Indication des prix: seulement une offre d’appel?

Un recourant considère comme illicite tant les prix des promotions communiqués dans la publicité que la qualité vantée dans cette dernière: d’une part, il y voit une infraction à la clause de portée générale de l’art. 2 de la loi fédérale contre la concurrence déloyale (LCD)1) et, d’autre part, il la considère comme une offre d’appel illicite au sens de l’art. 3 al. 1 let. f LCD. La partie plaignante le conteste et, de surcroît, a dénié à son adversaire la qualité pour agir, de sorte qu’à ses yeux, il ne faudrait absolument pas entrer en matière sur cette plainte.

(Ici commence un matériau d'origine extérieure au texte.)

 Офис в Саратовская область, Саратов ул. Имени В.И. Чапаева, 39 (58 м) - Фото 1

La Troisième Chambre de la CSL a suivi son argumentation dans le sens qu’il n’existe pas d’interdiction générale d’offrir des prix plus bas. Seul celui qui évince de ce fait la concurrence ou qui propose sa marchandise à un prix inférieur à son prix de revient agit de manière illicite et enfreint ainsi l’art. 3 al. 1 let. f LCD (procédure systématique, mise en évidence particulière, etc.).

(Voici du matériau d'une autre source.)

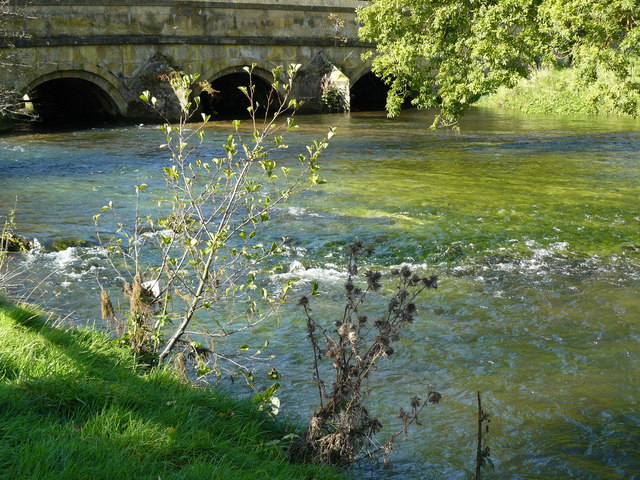 File:Ashford in the Water bridge - geograph.org.uk - 1079631.jpg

La CSL a rejeté la plainte, mais est entrée en matière sur l’intégralité de sa teneur. À la différence de la qualité pour agir telle que définie dans la LCD, la plainte déposée devant la Commission Suisse pour la Loyauté est une «action populaire», à savoir un recours visant uniquement la sauvegarde d’intérêts publics qui ne présuppose pas que le recourant doit être touché plus que quiconque par la décision attaquée. La CSL n’entre pas en matière sur une plainte qu’à condition que cette dernière soit, par exemple, manifestement injustifiée, arbitraire, vouée à ne pas aboutir ou insuffisamment fondée (art. 9 al. 1 du Règlement de la CSL). Le fait qu’à l’heure actuelle, les parties tentent de régler entre elles encore d’autres litiges ne saurait rien changer à la situation. À cet égard, le Tribunal fédéral a confirmé que dans le droit suisse de la loyauté, l’objection dite des «unclean hands» est dépourvue de toute base légale (ATF 129 III 426, consid. 2).

13 plaintes et une sanction

Sur les 13 plaintes qui ont été déposées, la Troisième Chambre de la CSL en a approuvé 7 et en a rejeté 4 le 28 juin 2017; elle a renvoyé l’examen d’une autre plainte au plénum qui réunira l’ensemble des trois Chambres de la CSL le 8 novembre 2017 et, pour une autre plainte, elle a exigé des preuves supplémentaires. En outre, la Troisième Chambre a approuvé une sanction contre le Centre de dianétique de Bâle de l’Eglise de la Scientologie. Comme de coutume, vous trouverez les justifications détaillées sur l’ensemble des décisions sur le site web loyauté-en-publicité.ch sous la rubrique «Décisions».

Thomas Meier
Chargé des médias de la Commission Suisse pour la Loyauté

 

1    Est déloyal et illicite tout comportement ou pratique commerciale qui est trompeur ou qui contrevient de toute autre manière aux règles de la bonne foi et qui influe sur les rapports entre concurrents ou entre fournisseurs et clients.